Our founder, Dr. Whitney Jones, calls people like me “Previvors,” which means that we are people who knew our family history or risks, got screened, and prevented colon cancer. My GI doctor tells me that, had I waited until the recommended age for me – 44 – I likely would have had later stage colon cancer. In the end, my insurance covered the colonoscopy.

That was a sobering day. I felt as if I’d dodged a bullet in a very real way. I was shaken but so relieved and felt like my dad would have been really proud of me. Given the findings of my colonoscopy, I am now on a schedule to receive a surveillance colonoscopy every three years. In addition, my children will need to be screened for polyps ten years before my first polyp was removed, meaning that, at 19, my children will receive colonoscopies.

My dad was right – knowledge is power. Consider, if you will, the implications of my screening. Not only have I prevented colon cancer for myself, but I have potentially prevented it for my children and grandchildren, too. Dad would be proud of that legacy, proud to know that his battle led to something good in the end, that his family would not have to suffer the same hard road.

When we talk about the importance of knowing your family history, this is why it matters so much. My paternal grandmother died of colon cancer in her 40s. My father died in his 50s of colon cancer. I knew this and, even though it meant pushing back against current standards, I demanded to be screened, which saved my life. It can’t change the present, but if my dad had known to start colon cancer screenings in his 40s (or earlier), he would probably still be with us. My children will know their family history of colon cancer and, at a very early age, be on track to prevent it by having timely screenings.

I can’t emphasize this enough – on-time screenings save lives.

My work at the Colon Cancer Prevention Project has been immensely challenging emotionally, but also incredibly rewarding. My dad’s legacy carries on. His words and passion for advocacy live with me and in my work.

The lessons of my dad’s and my shared stories are simple:

  • Know your family history of cancer, polyps, or bowel disease (even if this means having uncomfortable conversations with your family)
  • Know your risk factors and risk behaviors
  • Get screened
  • Advocate for yourself. Advocate for yourself. Advocate for yourself. 

Knowing what I know now and being on a screening schedule, I’m hopeful that I will always remain a “Previvor” and never have to fight for Survivor status. I’m hopeful that, if we can change current policy and standards, we can prevent everyone from ever being diagnosed with colon cancer. We can prevent loss, death, and suffering. We can save lives. 

But to save lives, we need to make some major institutional changes. 

We’ve been hinting at it all week but tomorrow we take action. We are proposing a radical change in how we talk about colon cancer – particularly when we talk about colon cancer. 50 is too late to begin the conversation.

Even if 50 is the appropriate screening age for you, how will you know unless you’ve been considering it sooner? Without knowing your family history, how could you possibly know what your appropriate screening age is? Also, do we need to rethink the guidelines for screening completely, given the overwhelming evidence that points to astronomical rise in colon cancer diagnoses in people under 50?

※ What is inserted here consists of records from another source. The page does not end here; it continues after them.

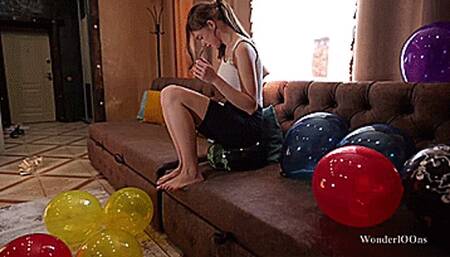 Cassie sitting on the neck of balloons **4K**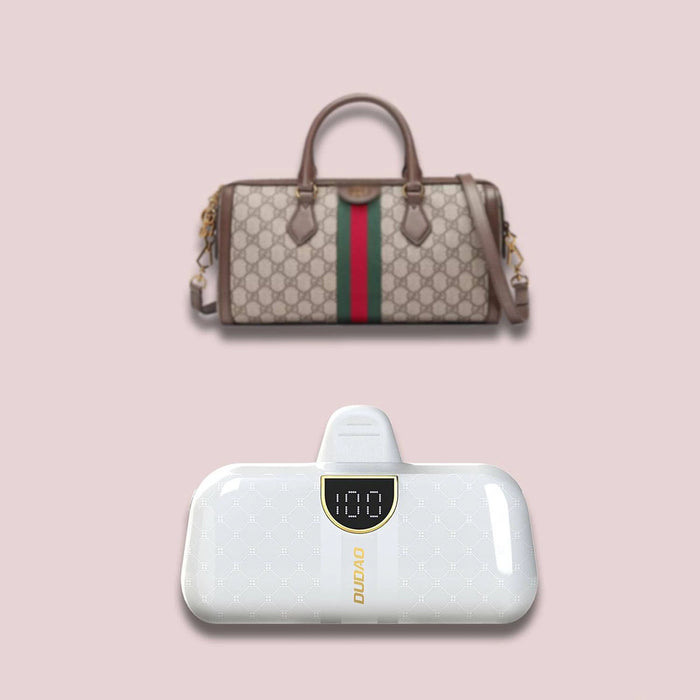 Dudao K20SL 5000mAh mini power bank with Lightning / USB-C connectors - white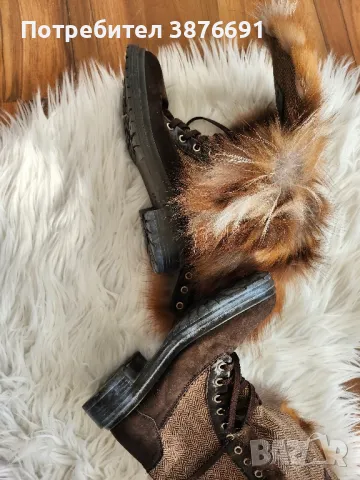 Дамски боти ботуши естествен косъм лисица естествен велур луксозен модел , снимка 7 - Дамски боти - 48036202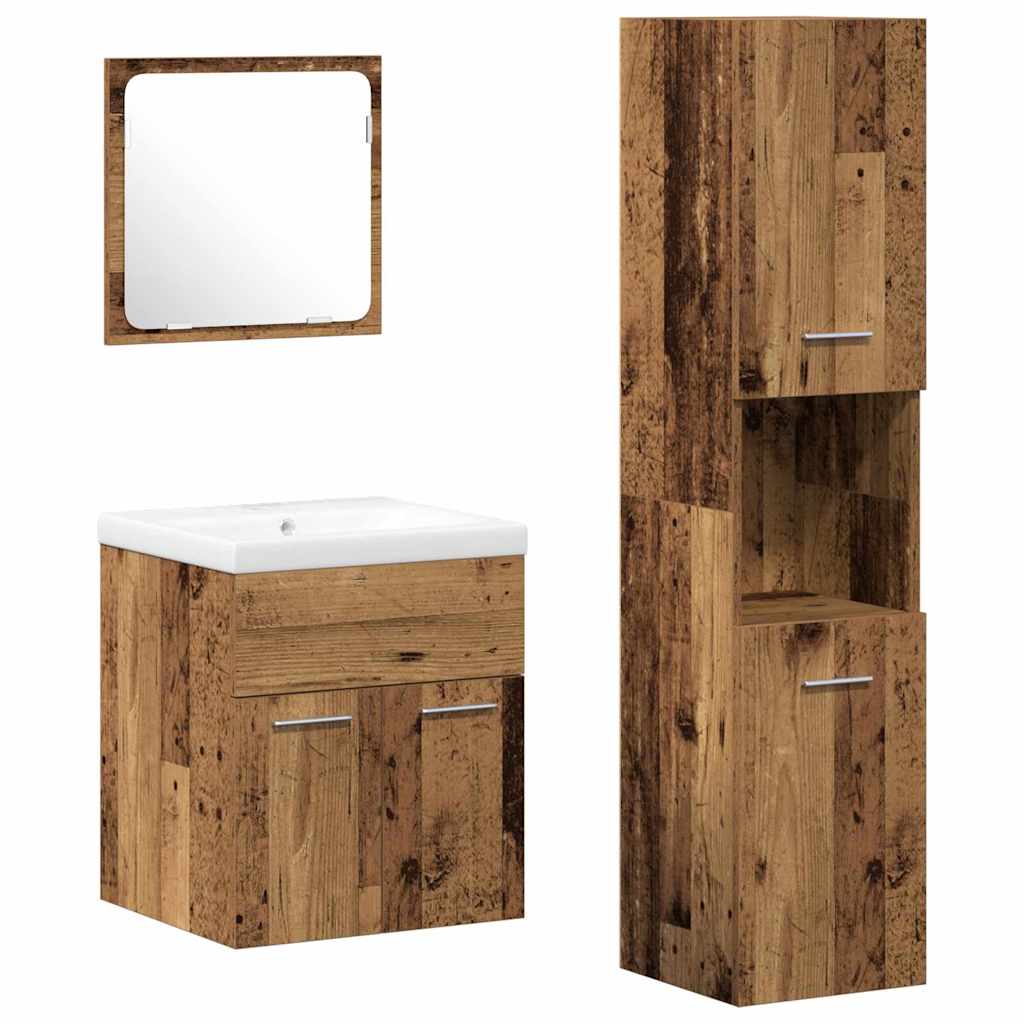 Badeværelsesmøbel Sæt 4 Pcs Gammelt Træ 41 X 38.5 X 46 Cm - Billede 2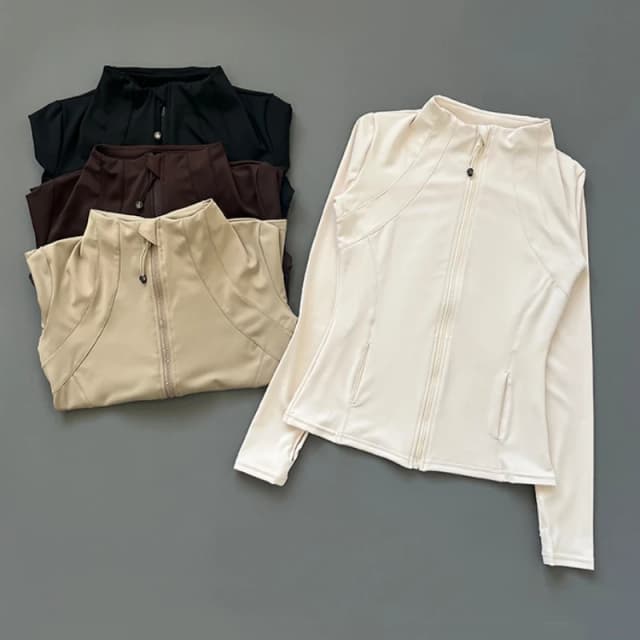 Sneldrogend fitnessjack met opstaande kraag voor dames, slim-fit ritssluiting, yogakleding, ademende hardloopsportfietstop met lange mouwen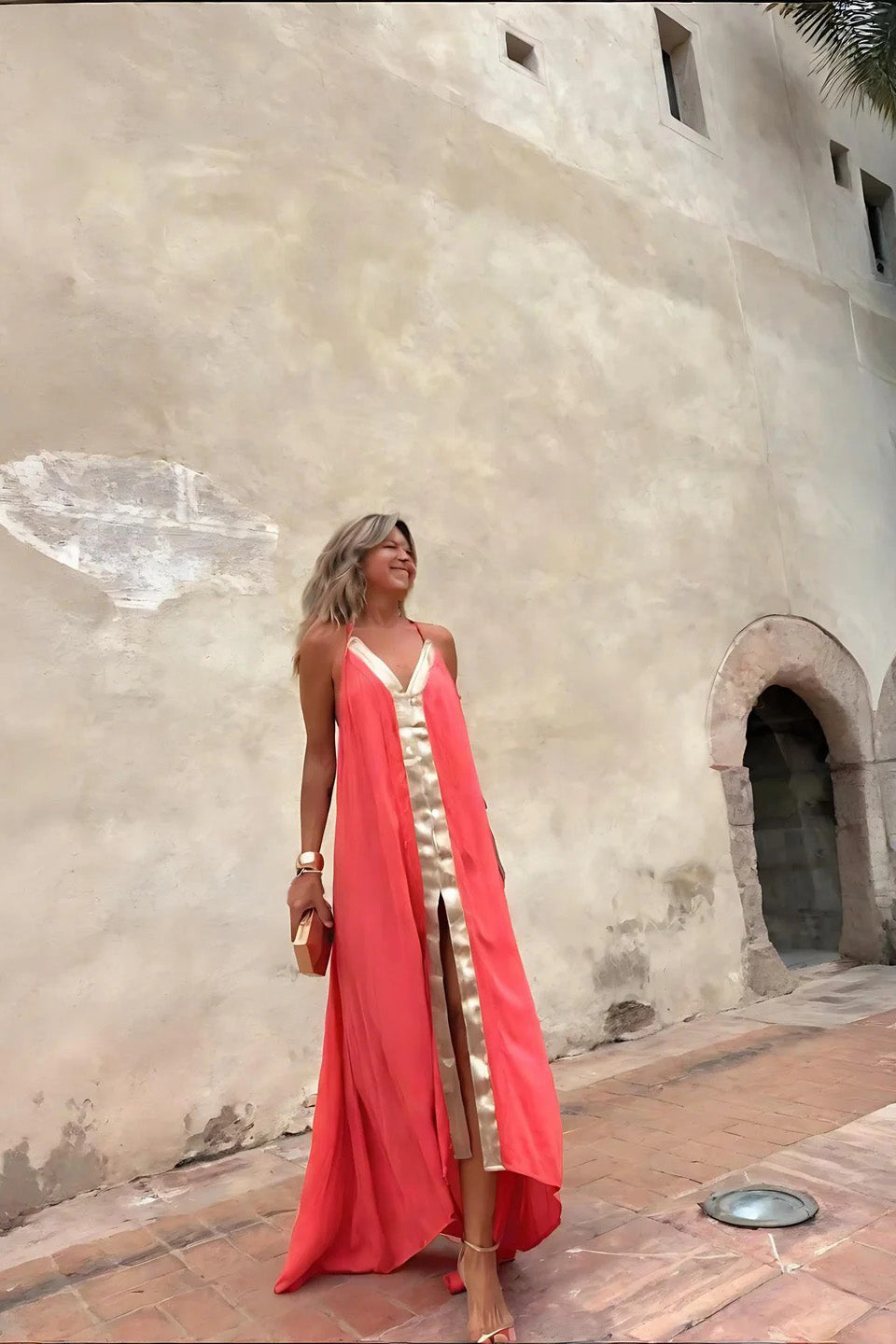 Modern The Coral Gold Gown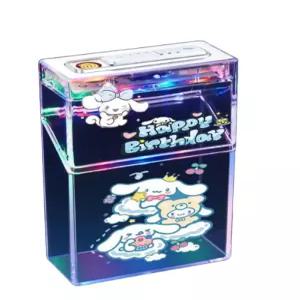 쿠로미 케이스 라이터 담배케이스 LED 시나모롤 품품푸린 카와이 투명 파우치 휴대용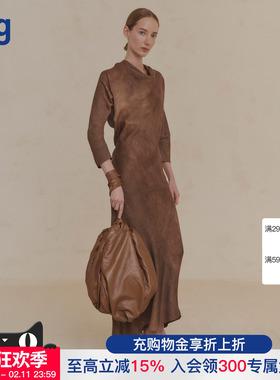 【CORTANA】hug 2025秋冬新款西班牙一字肩长袖连衣裙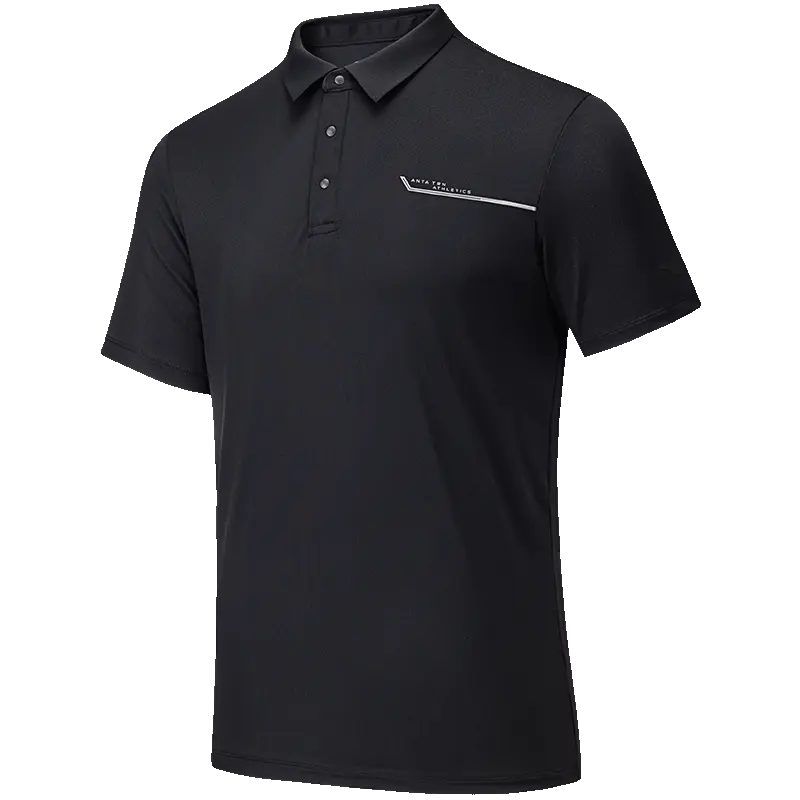 

ANTA Мужская черная поло, Черный, ANTA Мужская черная поло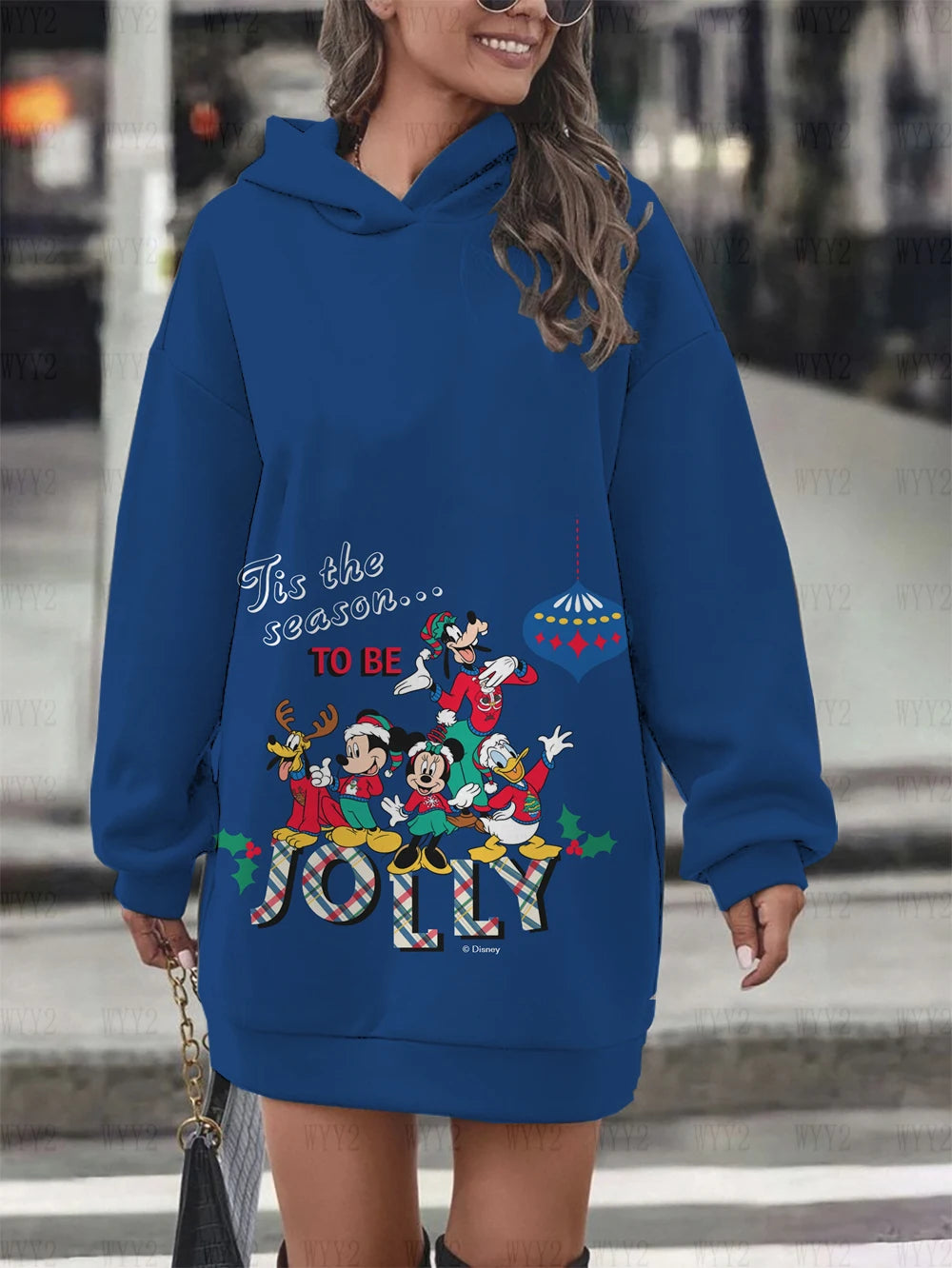 Christmas Disney Mickey Mouse Fall Women's Hoodie Dress Fashion Sweatshirt Dress Women's Pocket Hoodie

We think so. We hope you’ll join us tomorrow as we take action, try to effect positive change, and advocate to save lives. We can do this if we do it together. My dad always encouraged people to “find their team,” a firm believer in the power of passionate people working together.

There’s a Native American proverb which says, “It takes a thousand voices to tell a single story.” Join our team and be one of those voices calling out for change. Our stories are powerful and our passion is immense – let’s use them to save lives. Together.